▸ WORK INSTRUCTION: Starting at the first line of the data below, repeat each line word for word up to and including the line with "Square 1 - Avolt".

***** STUDY MATERIAL

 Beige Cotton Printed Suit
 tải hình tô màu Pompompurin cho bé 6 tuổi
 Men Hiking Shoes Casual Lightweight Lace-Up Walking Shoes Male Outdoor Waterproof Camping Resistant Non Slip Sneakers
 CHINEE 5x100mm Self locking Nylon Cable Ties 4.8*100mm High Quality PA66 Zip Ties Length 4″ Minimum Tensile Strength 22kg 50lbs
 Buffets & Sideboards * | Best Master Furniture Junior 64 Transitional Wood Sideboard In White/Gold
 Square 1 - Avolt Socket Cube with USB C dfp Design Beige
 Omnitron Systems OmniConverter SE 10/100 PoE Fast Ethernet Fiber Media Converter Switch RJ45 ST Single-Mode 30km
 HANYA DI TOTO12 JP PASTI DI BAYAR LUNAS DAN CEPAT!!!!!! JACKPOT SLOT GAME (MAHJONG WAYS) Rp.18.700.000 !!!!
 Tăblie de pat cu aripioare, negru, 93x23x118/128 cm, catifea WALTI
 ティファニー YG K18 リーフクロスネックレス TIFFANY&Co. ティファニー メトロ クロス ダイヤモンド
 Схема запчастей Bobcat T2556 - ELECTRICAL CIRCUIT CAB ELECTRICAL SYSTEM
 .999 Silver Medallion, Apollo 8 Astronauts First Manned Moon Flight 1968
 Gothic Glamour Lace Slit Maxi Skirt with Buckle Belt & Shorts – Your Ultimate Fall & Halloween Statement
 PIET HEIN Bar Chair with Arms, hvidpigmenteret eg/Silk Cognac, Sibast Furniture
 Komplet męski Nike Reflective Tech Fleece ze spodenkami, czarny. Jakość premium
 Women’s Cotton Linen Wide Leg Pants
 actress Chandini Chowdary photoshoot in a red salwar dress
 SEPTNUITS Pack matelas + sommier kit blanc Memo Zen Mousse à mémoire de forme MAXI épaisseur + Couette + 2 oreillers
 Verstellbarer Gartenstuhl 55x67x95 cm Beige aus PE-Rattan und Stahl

**********

▸ OUTPUT:
 Beige Cotton Printed Suit
 tải hình tô màu Pompompurin cho bé 6 tuổi
 Men Hiking Shoes Casual Lightweight Lace-Up Walking Shoes Male Outdoor Waterproof Camping Resistant Non Slip Sneakers
 CHINEE 5x100mm Self locking Nylon Cable Ties 4.8*100mm High Quality PA66 Zip Ties Length 4″ Minimum Tensile Strength 22kg 50lbs
 Buffets & Sideboards * | Best Master Furniture Junior 64 Transitional Wood Sideboard In White/Gold
 Square 1 - Avolt Socket Cube with USB C dfp Design Beige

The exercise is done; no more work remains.